Un paesaggio angosciosamente terso fa da sfondo agli elementi pittorici dei quadri di Umberto Fabrocile. Sembra quasi che la visione delle opere avvenga, e può solo avvenire, attraverso un filtro di una lastra di vetro che, seppur separandoci, ci coinvolge nella realtà di un oggetto quotidiano, anche se, al tempo stesso, ne impedisce il contatto, l’appropriazione, poiché l’oggetto ha subito un processo di iconizzazione ed è diventato segno artistico, acquisendo un valore semantico amplificato. La sua dimensione di reale resta nell’ombra che si staglia da esso, o nell’inquietante rappresentazione statica di un momento cinetico quale il gocciolare di panni stesi ad asciugare o il loro sventolare al vento. Ovunque, tracce di una presenza discreta, appena accennata. Ma l’artista si concede anche a giochi di seduzione mentale più raffinati. Allora le ombre si trasformano in linee di confine, dove il dettaglio diviene fine a sé stesso nel suo netto isolamento spaziale dal contesto; ma è anche parte emotiva di un tutto composto da mondi paralleli che si intravedono tra loro, si sbirciano, ma non si intersecano. Sta a chi guarda, la scelta di andare oltre la linea di confine.

(Patrizio Siviero, Caserta 23 marzo 2002)
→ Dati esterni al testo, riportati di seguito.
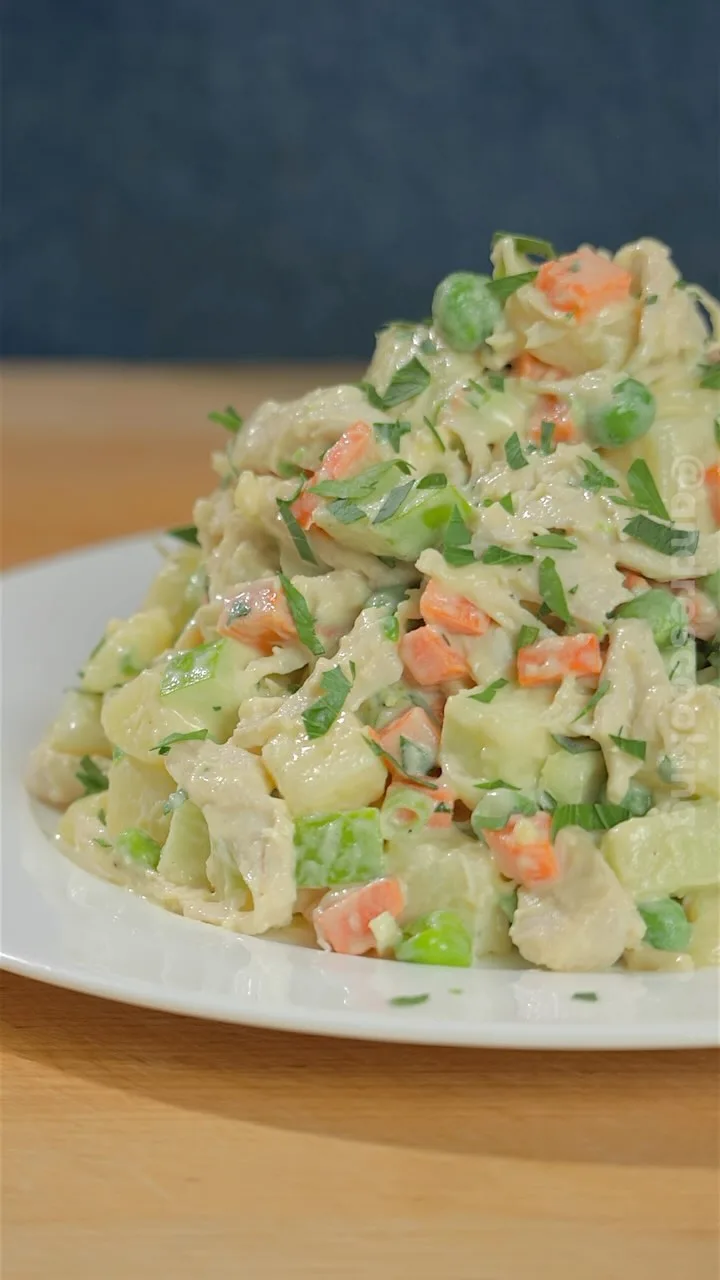 Picture for Ensalada de Gallina [Chicken Salad]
La prima interpretazione dei lavori recenti di Umberto Fabrocile si concentra sul significato simbolico dell’arte come segno d’origine di una dimensione metaforica che costituisce un linguaggio “altro”, integrativo e talora alternativo della pagina scritta e della parola. Interpretazione che insegue il contenuto iconografico dell’opera e il suo progetto espositivo, caratterizzati da una forma espressiva nitida, da un linguaggio pulito ed essenziale, segnato da un lucido e intenso realismo visivo che si alimenta di multiple e alternate suggestioni ( il vuoto e il pieno, lo scaffale e l’oggetto su di esso collocato, il titolo dell’opera rappresentata e la sua traduzione allusiva e così via). Ad una successiva lettura si coglie però un senso più nascosto, più psicologico si direbbe, ma anche più poetico dell’arte. Si avverte che le opere non sono state scelte per caso e neppure con un criterio puramente coreografico o visivo: la scelta risponde ad un percorso interiore: un percorso affatto interpretato senza un principio e naturalmente senza un fine. L’opera cioè e la sua immagine riflessa e trasposta costituiscono il luogo di una dialettica speculazione della vita, quella dell’artista che interpreta il mondo in una forma visibile che corrisponde a quella invisibile, quella dell’artista che legge i nessi della stessa sua esistenza nel dialogo con l’altro da sé riflesso e mediato nell’immagine.Di qui, anche, lo stile di Fabrocile: la levigatura del tratto, l’evidenza tecnica, la scelta stessa di una forma di iperrealismo intimista e controllato. C’è insomma nella ricerca di Fabrocile il tratto di una indagine intima, che aspira a una sintesi di vita, a tradursi in presenza intellettuale, in logica dei sentimenti e della sensibilità. Una logica che ha tempi lunghi, che si intuisce presupporre la persistenza del tempo e l’apprensione dei suoi spazi interiori, delle sue vie silenziose e profonde nei chiusi riverberi dell’emozione e della coscienza. Un tempo che dilata le sue pareti sensibili nella tesa coniugazione di visione e memoria psicologica, tra passato e presente, tra realtà e immaginazione.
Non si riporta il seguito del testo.